Latest trade data released by the US Commerce Department shows total US scrap exports in March were close to three million tonnes in March, which was up on the month before but down 8.8% on March 2019.
But the quarterly figures, pulled together by the Institute of Scrap Recycling Industries, show that exports in Q1 2020 were just under nine million tonnes, slightly up on the same quarter in 2019.
The value of the Q1 scrap exports was up 11%, largely because of higher prices for precious metal scrap and heavier ferrous loadings.
Ferrous scrap exports (excluding stainless and alloy steel scrap) in Q1 increased more than 25% year-on-year to 4.1 million tonnes. The most significant gains were to Turkey, Malaysia, Mexico, Bangladesh, Thailand and Pakistan. Volumes to China are described as negligible.

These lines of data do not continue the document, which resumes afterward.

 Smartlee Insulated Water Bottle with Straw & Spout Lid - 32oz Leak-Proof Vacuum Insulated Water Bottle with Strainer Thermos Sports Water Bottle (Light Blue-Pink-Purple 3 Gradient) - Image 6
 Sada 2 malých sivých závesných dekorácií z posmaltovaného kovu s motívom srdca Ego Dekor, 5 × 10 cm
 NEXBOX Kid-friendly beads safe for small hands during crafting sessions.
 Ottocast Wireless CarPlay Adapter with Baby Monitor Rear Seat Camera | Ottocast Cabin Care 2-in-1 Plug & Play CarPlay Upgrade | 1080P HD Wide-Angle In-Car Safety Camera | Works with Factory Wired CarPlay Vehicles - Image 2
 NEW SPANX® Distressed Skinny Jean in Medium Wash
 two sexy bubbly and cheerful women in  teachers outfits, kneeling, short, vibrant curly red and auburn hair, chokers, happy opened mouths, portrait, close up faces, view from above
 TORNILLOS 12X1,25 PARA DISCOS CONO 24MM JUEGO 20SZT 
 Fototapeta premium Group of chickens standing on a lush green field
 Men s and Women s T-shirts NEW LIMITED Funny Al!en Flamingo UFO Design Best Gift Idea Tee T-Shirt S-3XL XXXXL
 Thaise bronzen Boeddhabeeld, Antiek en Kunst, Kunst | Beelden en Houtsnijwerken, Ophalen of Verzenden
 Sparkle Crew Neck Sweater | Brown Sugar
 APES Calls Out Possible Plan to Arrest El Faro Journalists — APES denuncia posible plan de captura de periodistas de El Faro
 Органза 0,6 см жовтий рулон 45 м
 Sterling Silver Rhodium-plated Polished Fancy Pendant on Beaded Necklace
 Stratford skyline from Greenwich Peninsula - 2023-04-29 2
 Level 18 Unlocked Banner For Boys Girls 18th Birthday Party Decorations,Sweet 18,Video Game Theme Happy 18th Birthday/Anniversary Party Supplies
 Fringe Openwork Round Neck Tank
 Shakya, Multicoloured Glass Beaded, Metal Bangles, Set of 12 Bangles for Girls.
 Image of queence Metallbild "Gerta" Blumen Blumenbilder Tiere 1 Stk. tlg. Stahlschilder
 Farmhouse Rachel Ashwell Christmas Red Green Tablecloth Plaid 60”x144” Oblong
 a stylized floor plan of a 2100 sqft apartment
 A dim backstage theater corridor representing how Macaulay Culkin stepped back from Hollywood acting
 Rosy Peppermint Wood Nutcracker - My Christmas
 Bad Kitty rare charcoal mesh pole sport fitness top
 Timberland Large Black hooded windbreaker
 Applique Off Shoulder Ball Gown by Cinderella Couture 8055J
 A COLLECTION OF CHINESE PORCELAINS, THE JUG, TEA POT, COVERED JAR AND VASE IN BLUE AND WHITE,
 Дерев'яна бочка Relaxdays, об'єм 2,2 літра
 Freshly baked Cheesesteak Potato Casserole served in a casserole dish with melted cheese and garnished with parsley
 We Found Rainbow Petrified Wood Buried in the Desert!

China is now only fifth among major destinations for copper and aluminium scrap. So far this year, copper and copper alloy scrap exports were down 15.3% year-on-year.
Aluminium scrap exports were up slightly year-on-year in Q1 with greater demand from India, Malaysia and Thailand. Unsurprisingly, shipments to China were down 64.5%.
Recovered Paper and Fibre
Exports fell 14.5% in Q1 to 3 718 518 tonnes, down 628 075 tonnes on the same period a year ago. The top 15 countries receiving US exports account for 95% of the total exports in Q1, the same as a year ago. Burma, which did not receive any US paper scrap exports last year, is now 11th in the list.